Note 1. Nature of Business and Significant Accounting Policies 

 

Nature of business:


Electro-Sensors, Inc. manufactures and markets a complete line of monitoring and control systems for a variety of industrial machinery. The Company uses leading-edge technology to continuously improve its products, with the ultimate goal of manufacturing the industry-preferred product for each market served. The Company sells these products through an internal sales staff, manufacturer’s representatives, and distributors to a wide variety of industries that use the products in a variety of applications to monitor process machinery operations. The Company markets its products to customers located throughout the United States, Canada, Latin America, Europe, and Asia.

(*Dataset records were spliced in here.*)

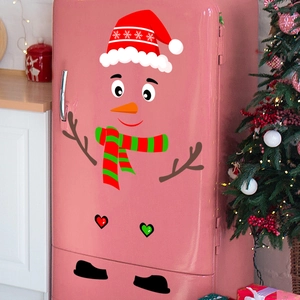 Close-up of festive snowman decals applied on a fridge with holiday decor
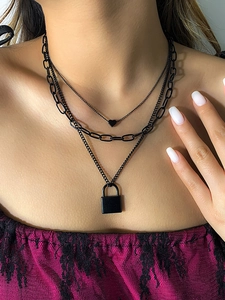 Detail of triple-layer black necklace with paperclip chain, heart and lock charms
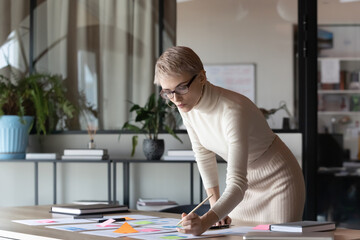 Fototapeta na wymiar Focused young Caucasian businesswoman in glasses consider work with paper company financial project in office. Serious 30s female employee brainstorm analyze paperwork documentation at workplace.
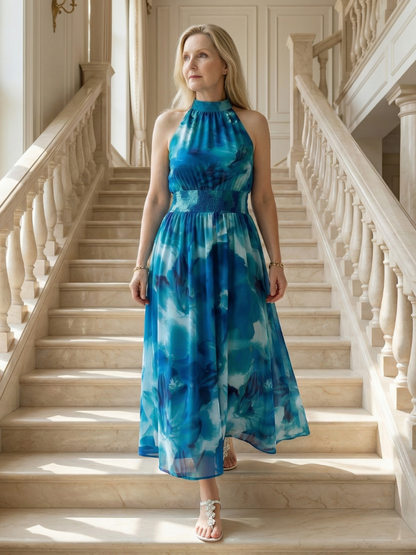 Gathered halter midi dress in blue abstract print with smocked waist and halter neckline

In addition, the Company may periodically make strategic investments in other businesses and companies, including investments that we believe would facilitate the development of new relationships, or technology complementary to our existing products, or other investments that we believe present good opportunities for the Company and its shareholders. See Note 2 for additional information regarding the Company’s investments. The Company’s investments in securities are subject to normal market risks.

 

Significant accounting policies of the Company are summarized below:

 

Use of estimates


The preparation of financial statements in accordance with accounting principles generally accepted in the United States of America (US GAAP) requires management to make estimates and assumptions that affect the amounts reported in the financial statements and accompanying notes. Actual results could differ from those estimates. Significant estimates, including the underlying assumptions, consist of the realizability of trade receivables, valuation of investments, deferred tax assets/liabilities, inventory, and stock compensation expense. It is at least reasonably possible that these estimates may change in the near term.


Cash and cash equivalents


The Company considers all highly liquid debt instruments purchased with a maturity of three months or less to be cash equivalents. Cash equivalents are invested in commercial paper, money market accounts and may, also, be invested in Treasury Bills with an original maturity of three months or less. Cash equivalents are carried at fair value.  Cash equivalents were $7,980 and $7,926 as of December 31, 2024 and 2023, respectively.

 

The Company maintains its cash and cash equivalents primarily in two bank deposit accounts, which, at times, may exceed federally insured limits. The Company has not experienced any losses on these accounts. The Company believes it is not exposed to significant credit risk on cash.

 

Trade receivables and credit policies

 

Trade receivables are uncollateralized customer obligations due under normal trade terms generally requiring payment within 30 days from the invoice date. Trade receivables are stated at the amount billed to the customer. Customer account balances with invoices over 90 days are considered delinquent. The Company does not accrue interest on delinquent trade receivables.

 

Payments of trade receivables are allocated to the specific invoices identified on the customer’s remittance advice or, if unspecified, are applied to the earliest unpaid invoices.

 

The Company maintains an allowance for credit losses on trade receivables, which is recorded as an offset to trade receivables.  Changes in the allowance for credit losses are included as a component of operating expenses in the Statements of Comprehensive Income.  The Company assesses credit losses on a collective basis where similar risk characteristics exist.  Receivables that do not share risk characteristics with other receivables, or where known collectability issues exist, are evaluated on an individual basis.

 

The allowance is based on the credit losses expected to arise over the life of the receivable (contractual term).  The Company considers historical loss rates and current economic conditions. Receivables are written off against the allowance for credit losses.  The allowance for credit losses was $11 at December 31, 2024 and 2023.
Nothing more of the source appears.